Annotation of the unigenes showed that the largest group annotated to the molecular function group (89.21%) (Table 2, S2 Fig). This result is different to those reported for S. oblata and C. praecox, probably because of use of different tissue samples; the transcriptomes analyzed in S. oblata and C. praecox were obtained from flowers [11, 16]. Our KEGG function annotation analysis showed that 13,953 unigenes participated in 322 metabolic pathways. The largest number of unigenes were involved in metabolic pathways, while those involved in biosynthesis of secondary metabolites were next most frequent. These data will be of value for future metabolic research in S. pohuashanensis. Overall, our sequencing of the S. pohuashanensis transcriptome has provided considerable information that will be of use to future studies on a range of practical applications of this species.

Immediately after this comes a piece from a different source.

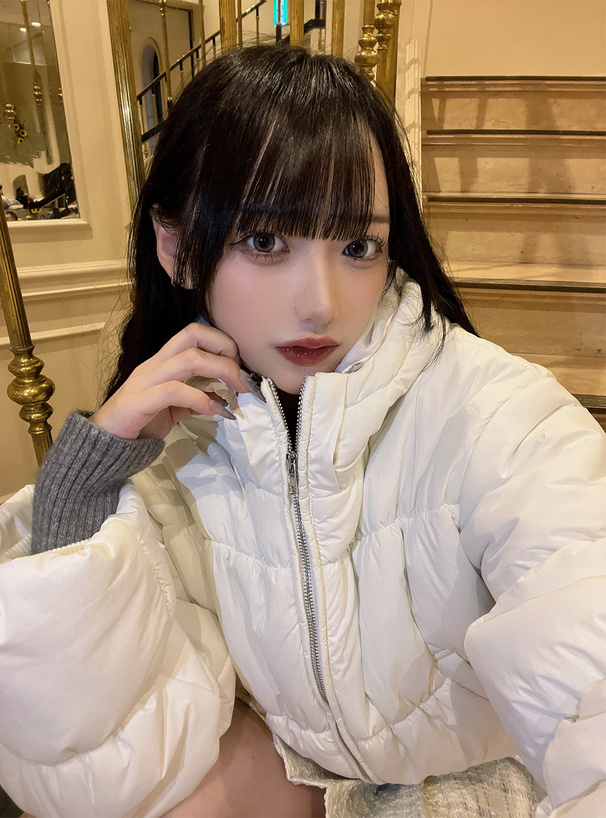 ファー付きダウンブルゾン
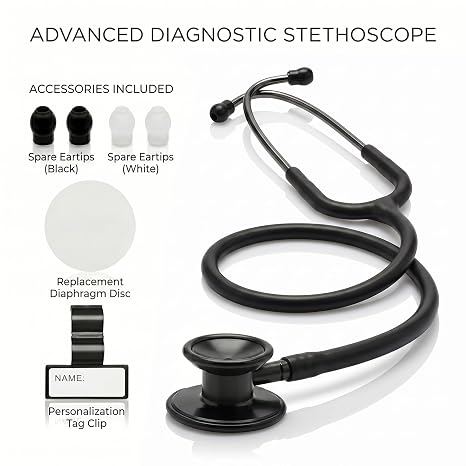 Medical Stethoscope Dual Head 29.5in, Turnable Bell & Diaphragm Chestpiece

4.2 EST-SSR markers analysis of S. pohuashanensis

Based on their high rate of polymorphism, good reproducibility, and codominance, SSRs have been widely used for plant DNA fingerprinting, analysis of genetic diversity, gene mapping, and molecular marker-assisted breeding. However, the development of SSR marker primers is essential for their use [36, 37]. Simple sequence repeat markers for expressed sequence tags (ESTs) identify coding sequences and can be used to directly obtain information on gene expression as they are closely linked to functional genes. Additionally, the primers for SSRs have high transferability among related species. A large number of EST sequences have been identified from transcriptome data using high-throughput sequencing [38]. To improve research into genetic diversity and marker assisted selection, we can use transcriptome sequences to develop EST-SSR markers. In this study, we found 7,473 SSR sites in 6,604 of the 96,213 annotated unigenes, i.e., 7.77% of the unigenes, contained SSR sites (Table 4). This rate of SSR sites is higher than in E. ulmoides (6.54%) [12], Ginkgo biloba (5.97%) [39], S. suchowensis (5.4%) [15], and Jatropha carcas (6.51%) [40]. We also found that 5,839 unigenes contained only one SSR site, while 765 contained two or more sites (S6 File). On average, there was one SSR site every 9.1 kb DNA sequence (Table 4). These results suggested that the frequency of EST-SSRs in S. pohuashanensis was higher than E. ulmoides (one every 11.61 kb) [12], Populus spp. (one every 14 kb), and G. biloba (one every 12.02 kb) [39], but lower than Camellia sinensis (one every 3.68 kb) [41], Liriodindron tulipifera (one every 8.5 kb) [42], and Heveabra siliensis (one every 3.93 kb) [43].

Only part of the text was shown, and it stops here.